▶ Exercise prompt
Exactly as given, reproduce the records in full.

▶ The records
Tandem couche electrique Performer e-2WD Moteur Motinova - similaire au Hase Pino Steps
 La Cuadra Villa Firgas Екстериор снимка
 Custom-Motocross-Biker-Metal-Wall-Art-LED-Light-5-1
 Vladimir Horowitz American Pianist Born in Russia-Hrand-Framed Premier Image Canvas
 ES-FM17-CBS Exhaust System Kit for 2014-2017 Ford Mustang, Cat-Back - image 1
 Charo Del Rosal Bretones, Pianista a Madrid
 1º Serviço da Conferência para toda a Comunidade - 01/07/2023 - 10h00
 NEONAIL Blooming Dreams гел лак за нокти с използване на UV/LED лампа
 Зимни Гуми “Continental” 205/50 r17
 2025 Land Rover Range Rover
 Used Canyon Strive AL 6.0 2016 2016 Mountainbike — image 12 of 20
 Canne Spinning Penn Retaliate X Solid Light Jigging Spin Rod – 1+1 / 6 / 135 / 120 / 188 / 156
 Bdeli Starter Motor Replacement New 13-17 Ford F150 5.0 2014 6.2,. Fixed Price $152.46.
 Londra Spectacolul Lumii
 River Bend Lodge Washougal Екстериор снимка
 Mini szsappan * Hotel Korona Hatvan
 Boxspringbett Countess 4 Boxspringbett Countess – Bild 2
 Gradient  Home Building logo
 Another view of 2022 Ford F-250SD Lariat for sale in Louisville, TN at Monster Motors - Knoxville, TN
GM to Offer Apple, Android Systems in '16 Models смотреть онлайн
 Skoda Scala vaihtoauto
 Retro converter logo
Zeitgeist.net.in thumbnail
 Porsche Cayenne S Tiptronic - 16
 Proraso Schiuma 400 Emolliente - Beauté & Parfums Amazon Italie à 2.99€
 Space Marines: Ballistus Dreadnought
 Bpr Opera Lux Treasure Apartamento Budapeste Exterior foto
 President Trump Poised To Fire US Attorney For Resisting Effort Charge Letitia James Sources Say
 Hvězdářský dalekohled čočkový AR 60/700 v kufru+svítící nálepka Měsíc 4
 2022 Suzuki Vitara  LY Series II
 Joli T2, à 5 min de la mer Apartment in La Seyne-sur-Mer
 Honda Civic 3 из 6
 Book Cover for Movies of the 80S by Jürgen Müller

▶ Exercise answer
Tandem couche electrique Performer e-2WD Moteur Motinova - similaire au Hase Pino Steps
 La Cuadra Villa Firgas Екстериор снимка
 Custom-Motocross-Biker-Metal-Wall-Art-LED-Light-5-1
 Vladimir Horowitz American Pianist Born in Russia-Hrand-Framed Premier Image Canvas
 ES-FM17-CBS Exhaust System Kit for 2014-2017 Ford Mustang, Cat-Back - image 1
 Charo Del Rosal Bretones, Pianista a Madrid
 1º Serviço da Conferência para toda a Comunidade - 01/07/2023 - 10h00
 NEONAIL Blooming Dreams гел лак за нокти с използване на UV/LED лампа
 Зимни Гуми “Continental” 205/50 r17
 2025 Land Rover Range Rover
 Used Canyon Strive AL 6.0 2016 2016 Mountainbike — image 12 of 20
 Canne Spinning Penn Retaliate X Solid Light Jigging Spin Rod – 1+1 / 6 / 135 / 120 / 188 / 156
 Bdeli Starter Motor Replacement New 13-17 Ford F150 5.0 2014 6.2,. Fixed Price $152.46.
 Londra Spectacolul Lumii
 River Bend Lodge Washougal Екстериор снимка
 Mini szsappan * Hotel Korona Hatvan
 Boxspringbett Countess 4 Boxspringbett Countess – Bild 2
 Gradient  Home Building logo
 Another view of 2022 Ford F-250SD Lariat for sale in Louisville, TN at Monster Motors - Knoxville, TN
GM to Offer Apple, Android Systems in '16 Models смотреть онлайн
 Skoda Scala vaihtoauto
 Retro converter logo
Zeitgeist.net.in thumbnail
 Porsche Cayenne S Tiptronic - 16
 Proraso Schiuma 400 Emolliente - Beauté & Parfums Amazon Italie à 2.99€
 Space Marines: Ballistus Dreadnought
 Bpr Opera Lux Treasure Apartamento Budapeste Exterior foto
 President Trump Poised To Fire US Attorney For Resisting Effort Charge Letitia James Sources Say
 Hvězdářský dalekohled čočkový AR 60/700 v kufru+svítící nálepka Měsíc 4
 2022 Suzuki Vitara  LY Series II
 Joli T2, à 5 min de la mer Apartment in La Seyne-sur-Mer
 Honda Civic 3 из 6
 Book Cover for Movies of the 80S by Jürgen Müller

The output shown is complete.